At today's hearing on excluding words, the state's attorney said their theory of the case is that Zimmerman confronted Martin. The judge repeated that and said "that's their whole case" and said they could say it.
Note, though, that he never said Zimmerman physically confronted Martin. The state was careful in its affidavit to say "Zimmerman confronted Martin and a struggle ensued."
At the April 20 bond hearing, Gilbreath said he had no evidence
Zimmerman physically confronted Martin as opposed to initiating the verbal encounter.
Witness 8 said it was Martin who initiated the verbal encounter. State's Attorney Guy today said they have evidence Zimmerman initiated the encounter, but he didn't specify which one: the verbal or physical. BDLR has hinted before their evidence is the statement of one of the sisters (who also said she couldn't see because she didn't have her contacts in). The sister went from seeing two figures fighting, to seeing nothing only vaguely hearing something (she got a glance of running, but more heard it than saw it) to seeing arms flailing. It was dark and raining.
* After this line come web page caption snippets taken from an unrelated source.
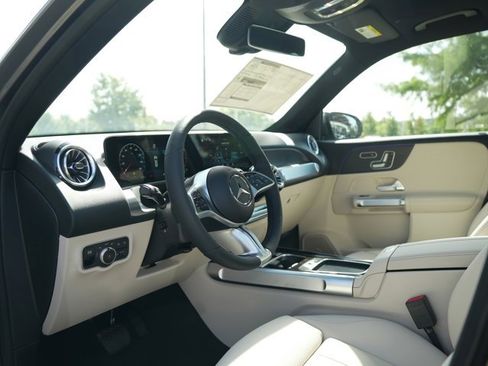 Used 2026 Mercedes-Benz GLB 250 4MATIC image 38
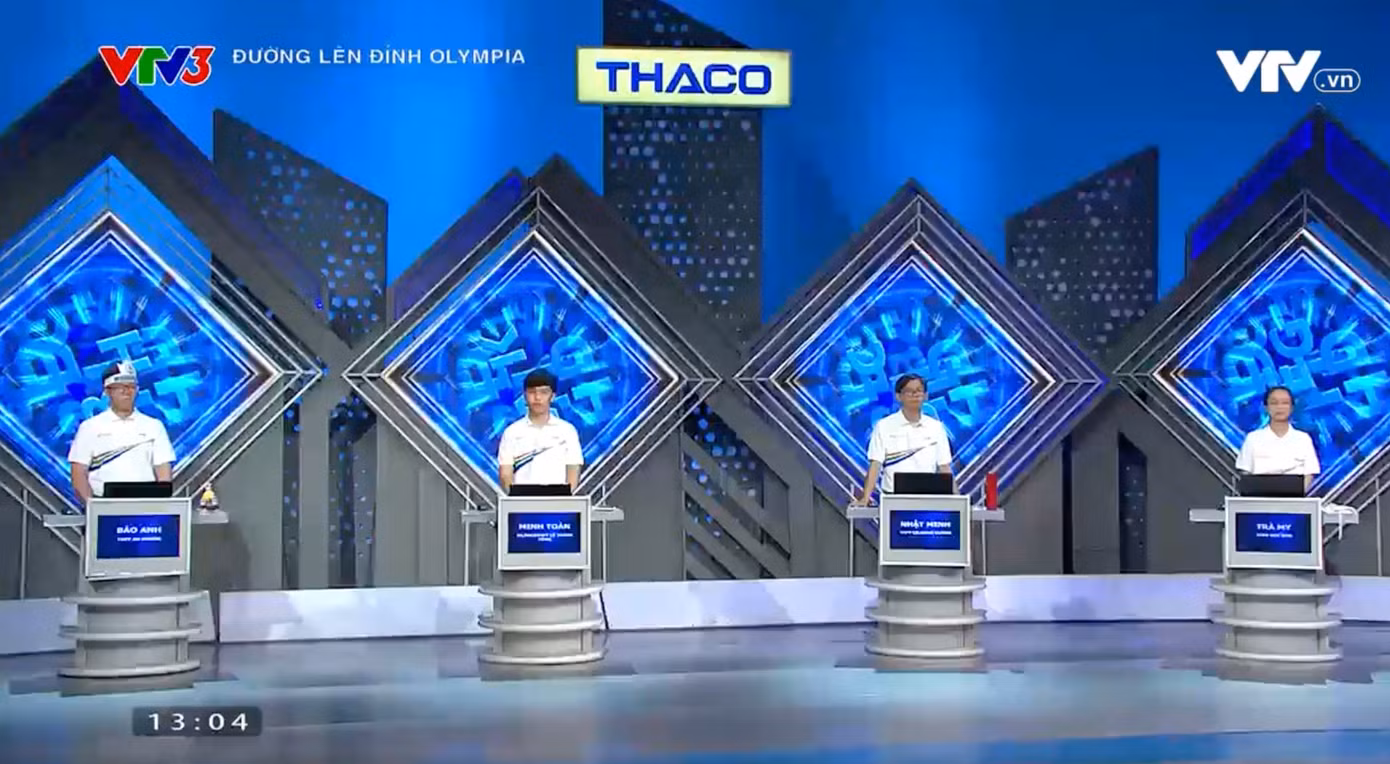 Trận tranh tài hấp dẫn giữa bốn thí sinh xuất sắc.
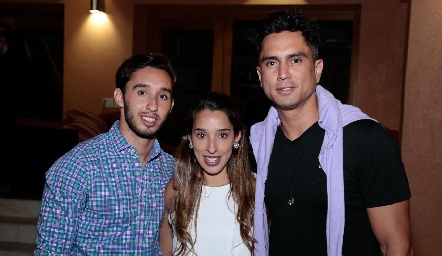  José con su hermana Marijó Ascanio y su cuñado Gerardo González.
Yes, if there is testimony at trial that Zimmerman provoked Martin, the judge could add that to the instruction. But she said she was reading the entire instruction which had already been personalized and Bernie didn't object. So as of now, I don't see any reason to think the court plans on including the aggressor portion.
Both sides submit proposed jury instructions in advance of trial. She may have had the parties submit them to chambers rather than file them. She may have had a conference with attorneys on them. I don't know how Florida judges handle their jury instruction conferences, but I would think that the only thing that would have to be on the record in open court is her ruling on objections to the court's final proposed instructions at the end of the trial. Since there is no record on the docket of either party submitting instructions, it may be they were not filed with the clerk but submitted directly to the court. The proposed instructions would include references to anticipated trial evidence that may or may not accurately reflect the actual evidence at trial, so she may not have wanted them public.
There are a lot of things not on the docket that we know the court reviewed.